Ben Solomon, Project Manager, AVID Center

Five years ago I attended a leadership conference. One of the speakers there spoke about a highly successful prison outreach program1 she had launched. The moderator of the event asked her, “The national recidivism rate of prisoners is about 50%. Graduates of your program have less than a 10% recidivism rate. What’s made the difference?” She responded, “We provide extensive business training for these men while they’re incarcerated. And then once their incarceration is over, we continue to support their re-integration to society through coaching, mentoring, housing, and financial support if necessary. Basically, we feel like our job is to leave them no excuse to fail.”

I felt like I had been slapped in the face. That year we were pursuing an AVID Demonstration School designation, but had to stop when we analyzed our data and found that only 62% of our AVID students had passed all their classes for the year. A light bulb went on for me – we were allowing our students too many excuses to fail.

At Summer Institute that year, our Site Team sat down and discussed all the reasons that our AVID students failed classes. We realized that we often didn’t know a student was failing until their report card came out, and even then there were very few consequences. Ultimately we had not been able to build a culture among our AVID students where failure was unacceptable, and where there was positive peer pressure to excel.  

So, we began the systematic process of taking away those excuses. We developed what we called The 85 Challenge that would challenge all AVID students to make 85 or above in all of their courses. We made t-shirts and posters for every class to keep the vision strong throughout the year. We solicited gift-card donations from community businesses to use as rewards for students who met the challenge. We secured a small budget from our principal to have pizza parties for the inter-class GPA challenge each grading period. All of these things contributed to building a culture of excellence.  To solicit consistent feedback we also implemented weekly grade checks for all AVID students in all classes. We arranged the master schedule to make sure at least one AVID teacher was off for each lunch period, so we could have mandatory lunch tutoring as a consequence for any student who was failing or had failed a class.

The first week of AVID, the six AVID teachers informed all 13 sections of AVID about The 85 Challenge.
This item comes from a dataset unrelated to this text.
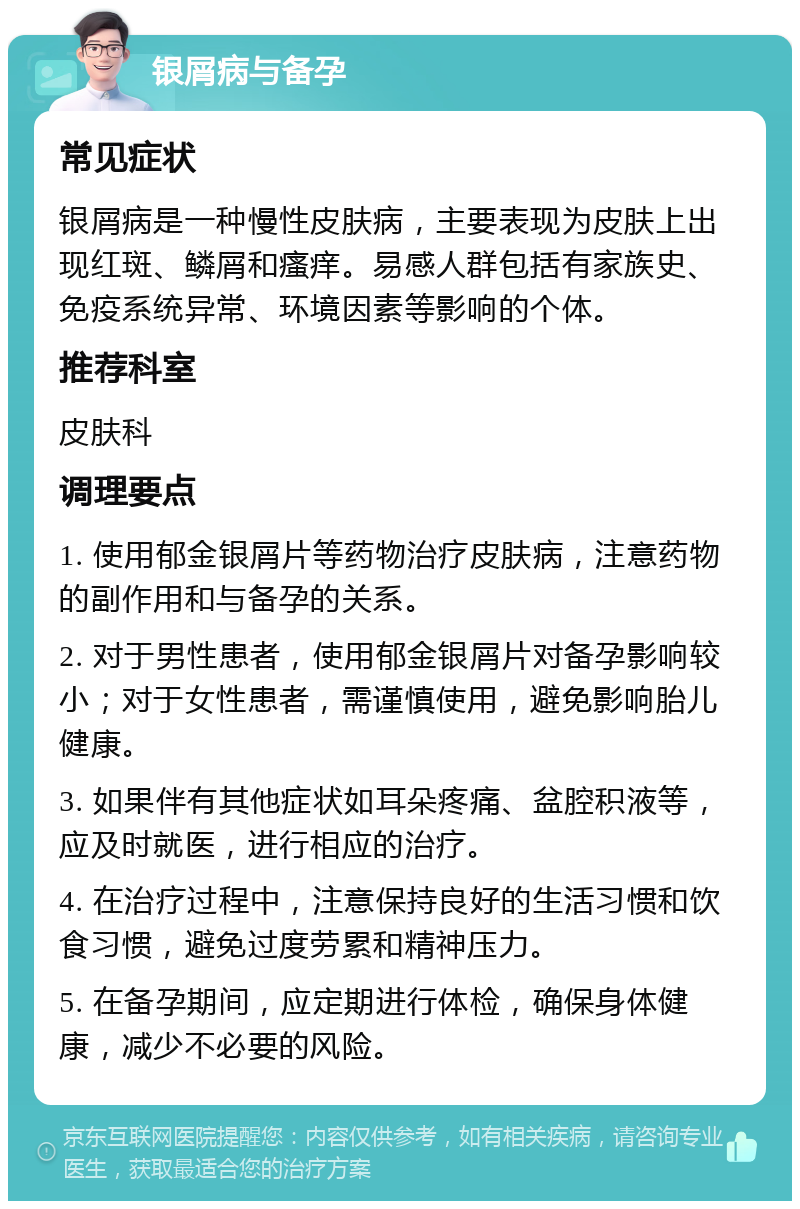 银屑病与备孕 常见症状 银屑病是一种慢性皮肤病，主要表现为皮肤上出现红斑、鳞屑和瘙痒。易感人群包括有家族史、免疫系统异常、环境因素等影响的个体。 推荐科室 皮肤科 调理要点 1. 使用郁金银屑片等药物治疗皮肤病，注意药物的副作用和与备孕的关系。 2. 对于男性患者，使用郁金银屑片对备孕影响较小；对于女性患者，需谨慎使用，避免影响胎儿健康。 3. 如果伴有其他症状如耳朵疼痛、盆腔积液等，应及时就医，进行相应的治疗。 4. 在治疗过程中，注意保持良好的生活习惯和饮食习惯，避免过度劳累和精神压力。 5. 在备孕期间，应定期进行体检，确保身体健康，减少不必要的风险。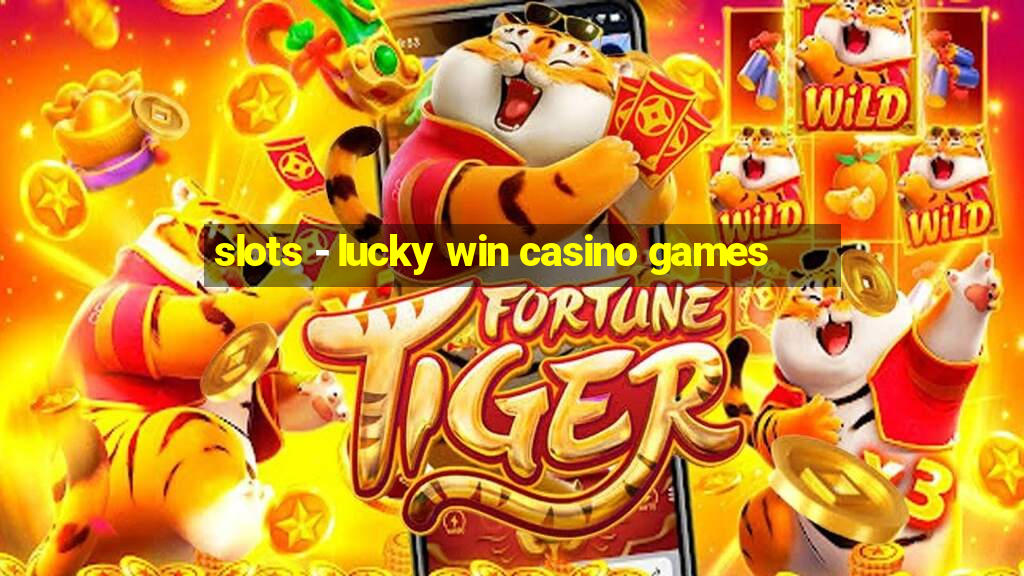 slots - lucky win casino games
The changes were immediate. The weekly grade checks (which replaced our three-week progress report checks) led to immediate feedback and strict lunch tutoring, and the students realized we were serious. The gift cards for students who made all 85 or above provided extrinsic motivation that started translating to internal motivation. The class pizza parties for highest class GPA started engendering a culture of positive peer pressure and mutual accountability. Soon the students began to think, “It’s easier and more rewarding for me to pass all my classes than it is for me to fail.” In the first year of The 85 Challenge, we went from 62 percent of our AVID students passing all their classes to 78 percent.

Recently, I was back at Richardson High School as they were validated as an AVID Demonstration School with a three-year term, the highest accolade an AVID school can receive. We cried and reminisced and celebrated as a few of the more than 300 AVID students told their personal stories of life change.

One of the AVID teachers who had been at RHS for six years pulled me aside and said, “Everything changed when we stopped leaving excuses for students to fail. Before that, we were a good school, but that’s what started us moving towards being a great school and a Demonstration School.”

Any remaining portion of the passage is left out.